Brief descriptive captions:

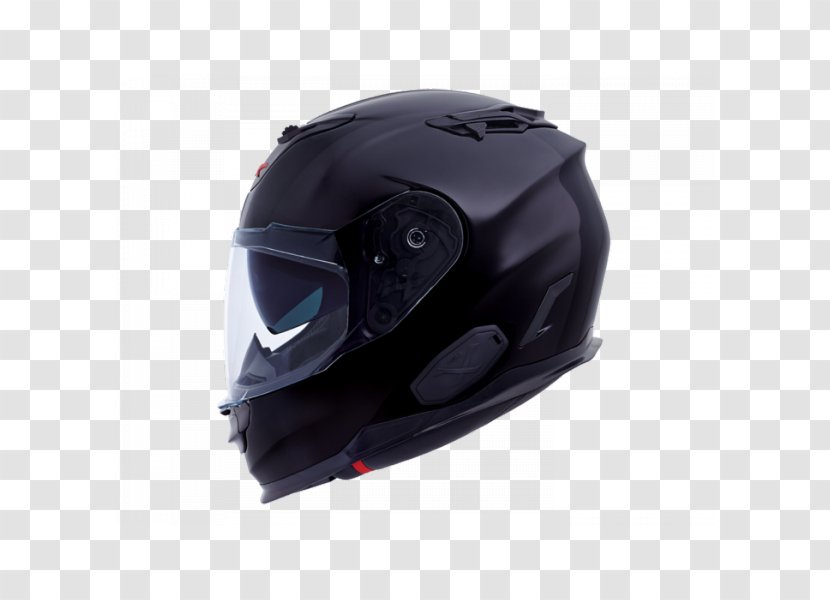 Motorcycle Helmets Fujifilm X-T1 Nexx Transparent PNG
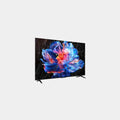 TCL 65-Inch LED 4K UHD Smart TV qatar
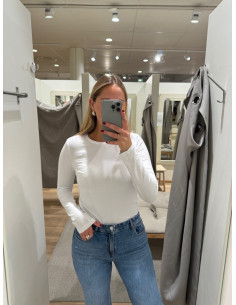 PCSIRENE LS TEE JRS NOOS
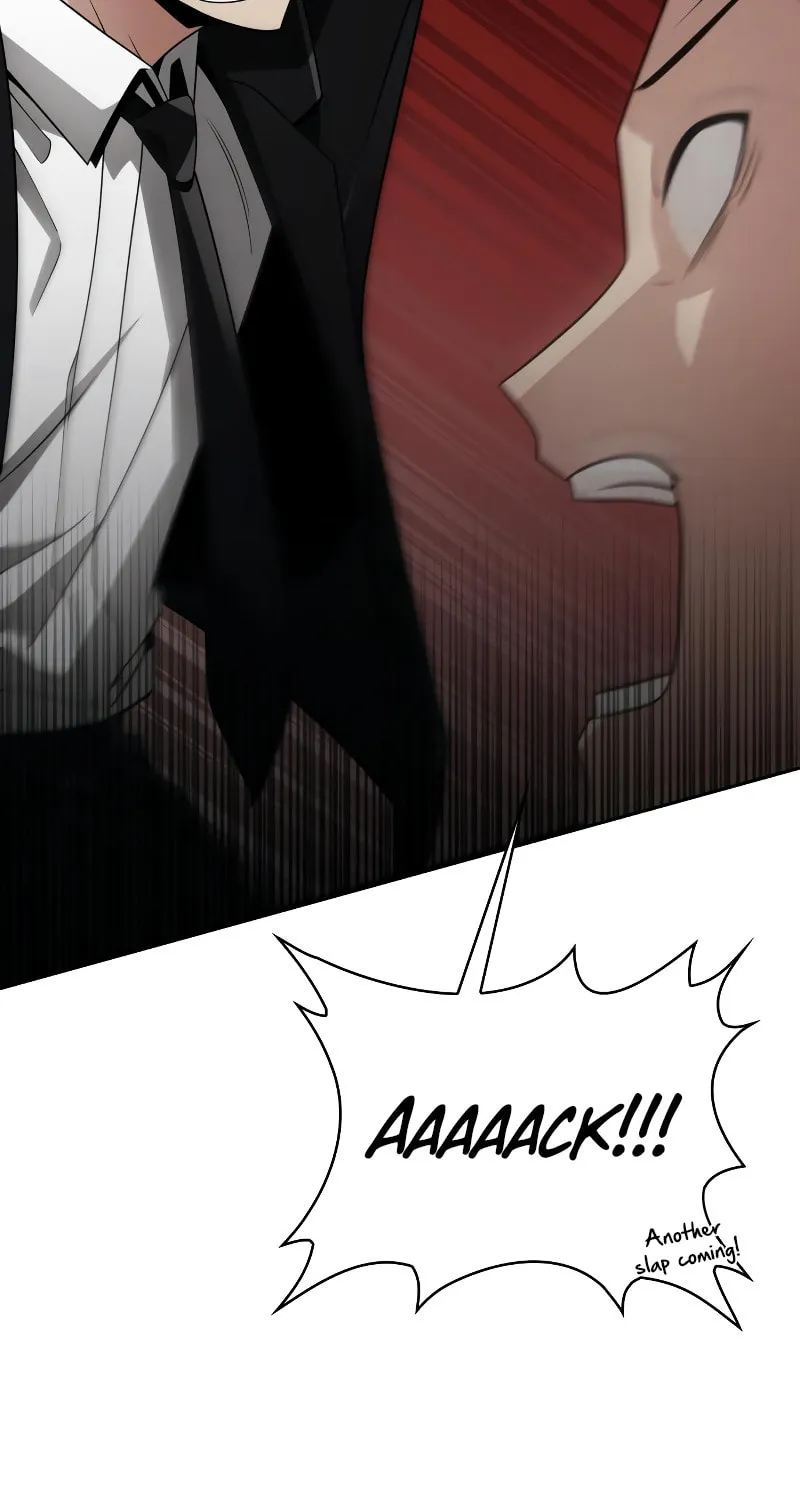 The Dungeon Cleaning Life of a Once Genius Hunter Chapter 21 page 70 - 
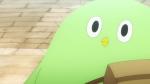 Helck 9 серия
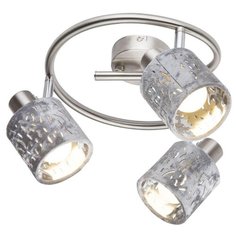 Спот Globo Alys 54122-3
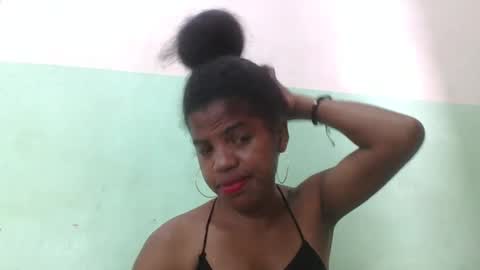 vanafiry online show from February 15, 2025, 4:03 am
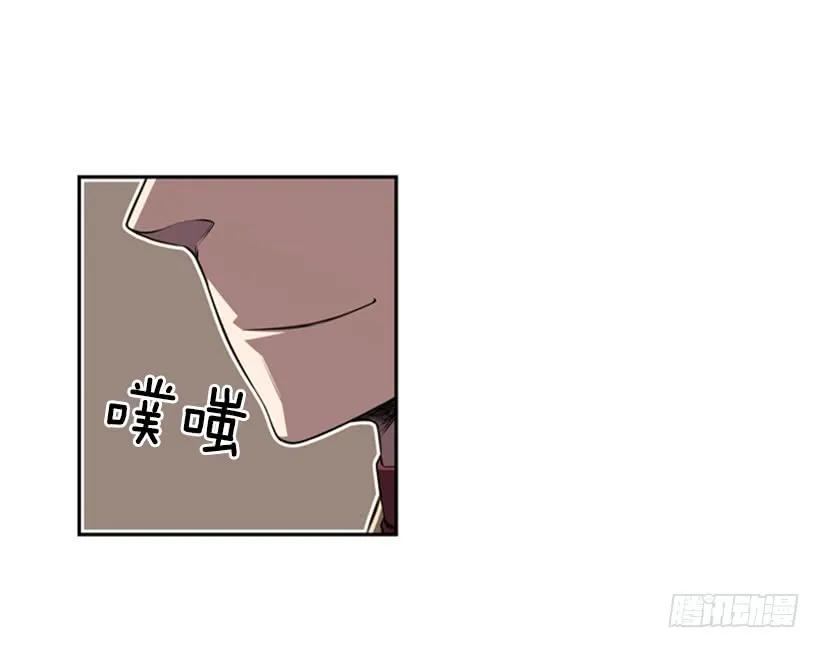 56.jpg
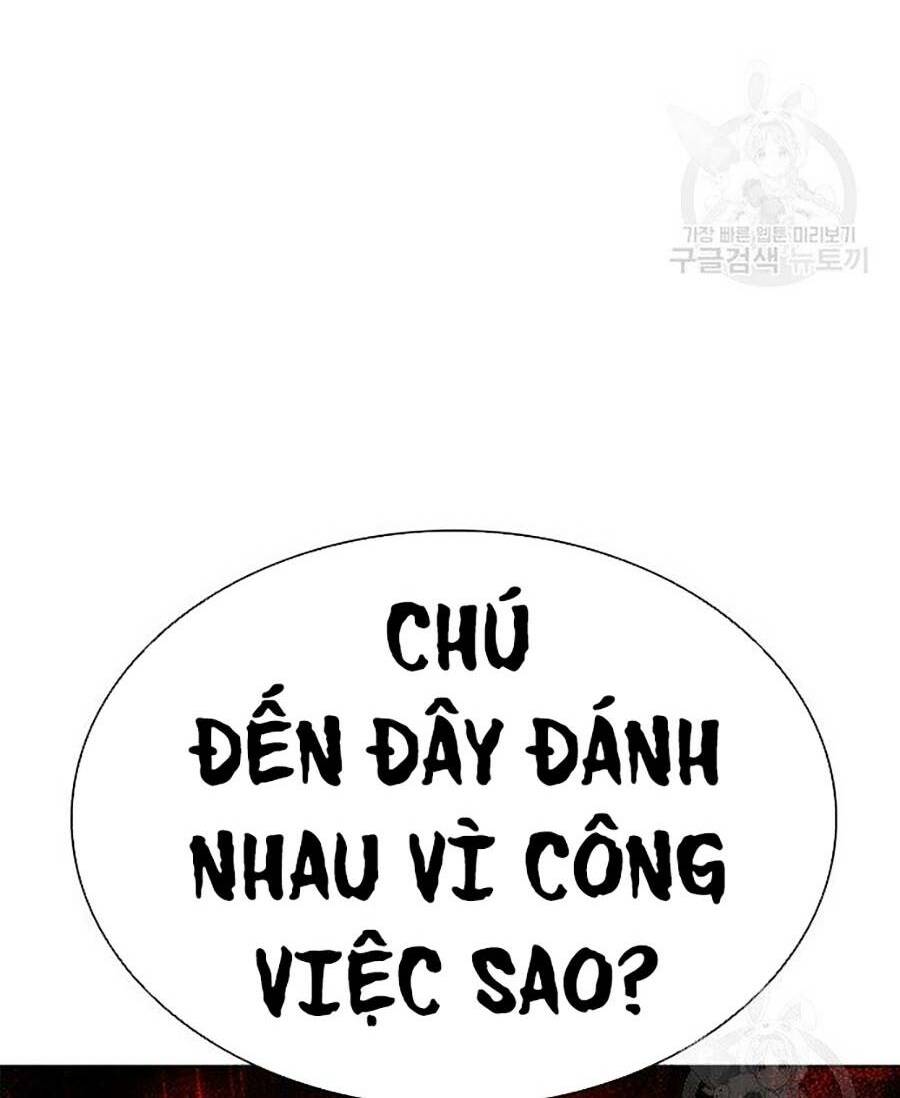 Hoán Đổi Nhiệm Màu Chapter 399 - Trang 2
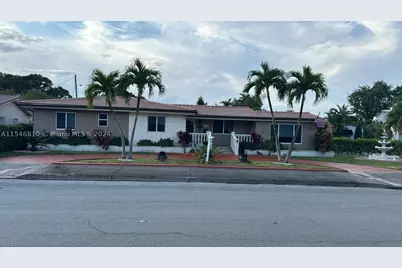 206 Ponce De Leon, Coral Gables, FL 33134 - Photo 1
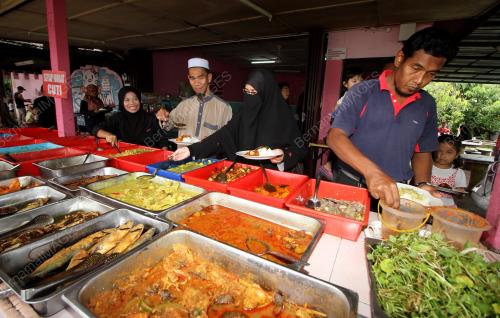 PK02_03112019_RESTORAN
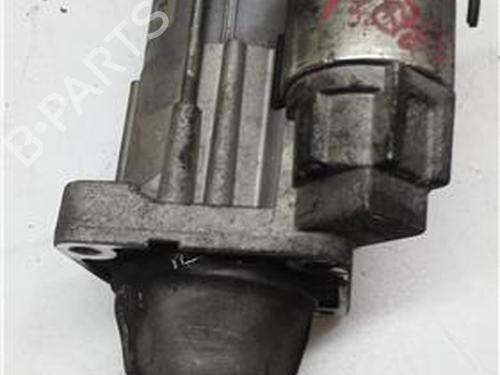 Used Starter Starter 38363371 38363371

**About this exercise**
Could you repeat, exactly, only the lines above starting at the one that has "PCSIRENE LS TEE JRS NOOS" and stopping after the one that has "PK02_03112019_RESTORAN", without the pictures?

**Reply**
 PCSIRENE LS TEE JRS NOOS
 The Dungeon Cleaning Life of a Once Genius Hunter Chapter 21 page 70 - 
 Helck 9 серия
 Спот Globo Alys 54122-3
 vanafiry online show from February 15, 2025, 4:03 am
 56.jpg
 Hoán Đổi Nhiệm Màu Chapter 399 - Trang 2
 206 Ponce De Leon, Coral Gables, FL 33134 - Photo 1
 PK02_03112019_RESTORAN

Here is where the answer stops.